Cannabis: Your guide to what’s legal and what’s not in India

If you belong to UP or Rajasthan you must have seen Authorised Bhang Shops in your state. The recent brouhaha over Bollywood stars being questioned over possession of cannabis must make you wonder why bhang, a form of cannabis is legal in some parts of the country but not in others. The answer to this question lies in the Narcotics Drugs and Psychotropic Substances Act, 1985 (NDPS Act) which defines India’s laws around Cannabis and it’s products. This law prohibits the cultivation, sale, possession and transportation of cannabis in certain forms in India. Apart from the central law, many states have their own laws around cannabis as well. We will come to that later. Let us understand what forms of cannabis are sold and how they are defined under Section 2(3) of the NDPS Act

Charas: Charas is the separated resin, which can either be in crude or purified form which is obtained from the cannabis plant. This also includes the concentrated preparation and resin known as hashish oil or liquid hash.

Ganja: Ganja is the flowering or fruiting tops of the cannabis plant (excluding the seeds and leaves when not accompanied by the tops)

Any mixture with or without any neutral material, and of the above forms of cannabis or any drink prepared therefrom.[1]

The NDPS Act prohibits sale and production of cannabis resin and flowers. However, it does not prohibit the use of seeds and leaves.

Criminalisation of Cannabis in India

Cannabis has been used in India for thousands of years and finds mention in many ancient scriptures for medicinal purposes and otherwise. Attempts for criminalising cannabis was mooted in British India at least three times. In 1961, the international treaty, Single Convention on Narcotic Drugs classified cannabis as a hard drug. The Indian delegation opposed this because of the social and cultural use of cannabis in India. Finally the definition of cannabis included ‘flowering or fruiting tops (excluding seeds and leaves when not accompanied by tops ) from which resin is not extracted[2]. This allowed India to continue it’s large scale consumption of bhang and after 25 years of exemption period, India passed the NDPS Act adopting the same definition of cannabis.

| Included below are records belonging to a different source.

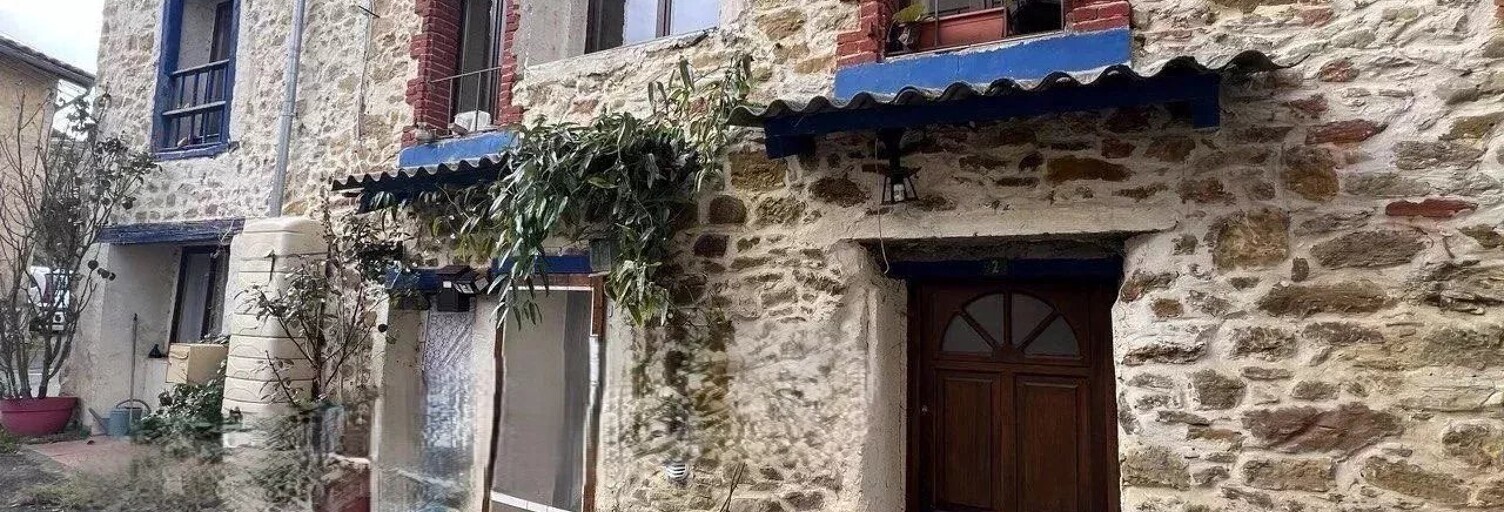 Maison  232 m² à vendre à Puivert (11230)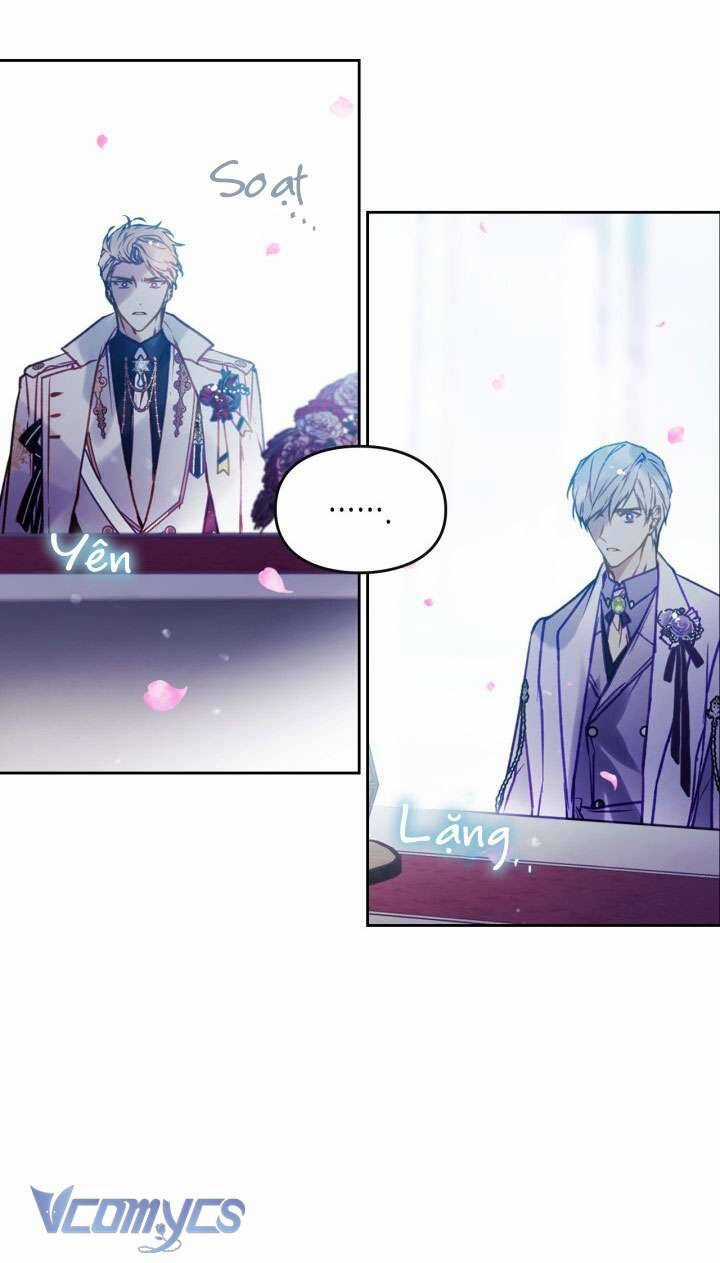 Kết Thúc Của Nhân Vật Phản Diện Chỉ Có Thể Là Cái Chết Chương 156 trang 41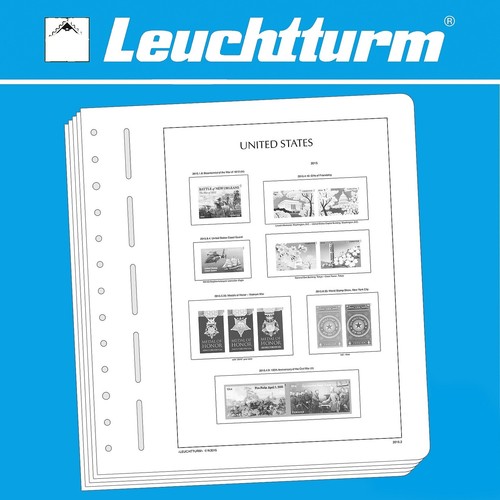 Leuchtturm 361558 Album Photo PIXX Pour 200 Photos En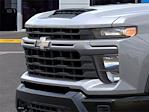 New 2025 Chevrolet Silverado 2500 Custom Crew Cab 4WD Pickup for sale #257077 - photo 13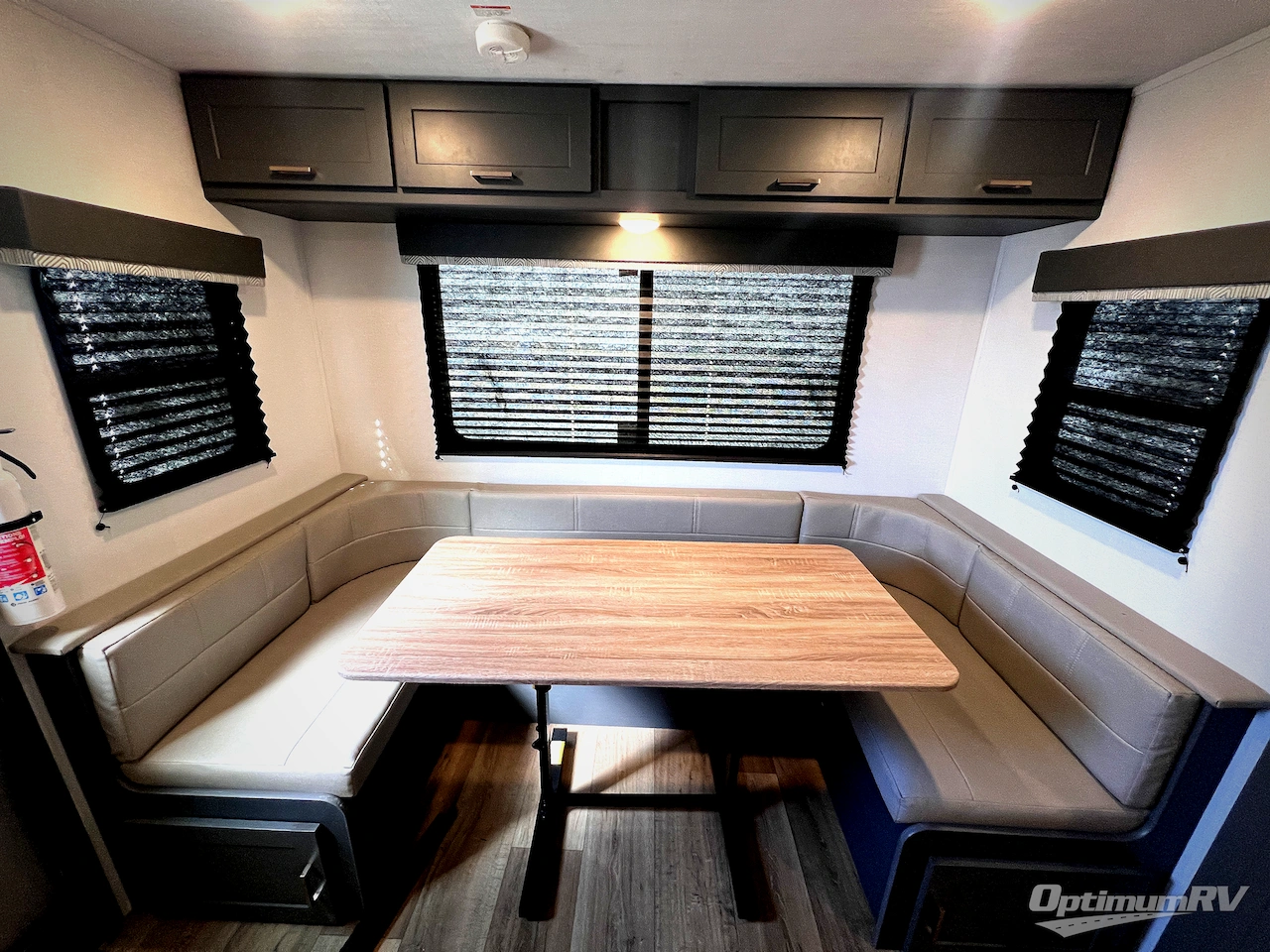 2024 Keystone Bullet Crossfire Double Axle 2530RD Photo 3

Power of states to make laws

States have the power to draft laws on cannabis and allow use of seeds and leaves (popularly used to make bhang). UP[3] and Rajasthan, for example, has authorised shops which sell the same. Thandai, a milkshake made with bhaang is especially popular in UP during Holi and use of bhaang is also well known in festivals such as Mahashivratri. Among Sikh Nihangs, bhang is popular, especially during Hola Mohalla. Indian Sufis place the spirit of Khidr within the cannabis plant, and consume bhang. Therefore bhang is legal under the NDPS Act because of the Act’s definition of cannabis. However, legality of bhang in a particular state is subject to the state’s own laws.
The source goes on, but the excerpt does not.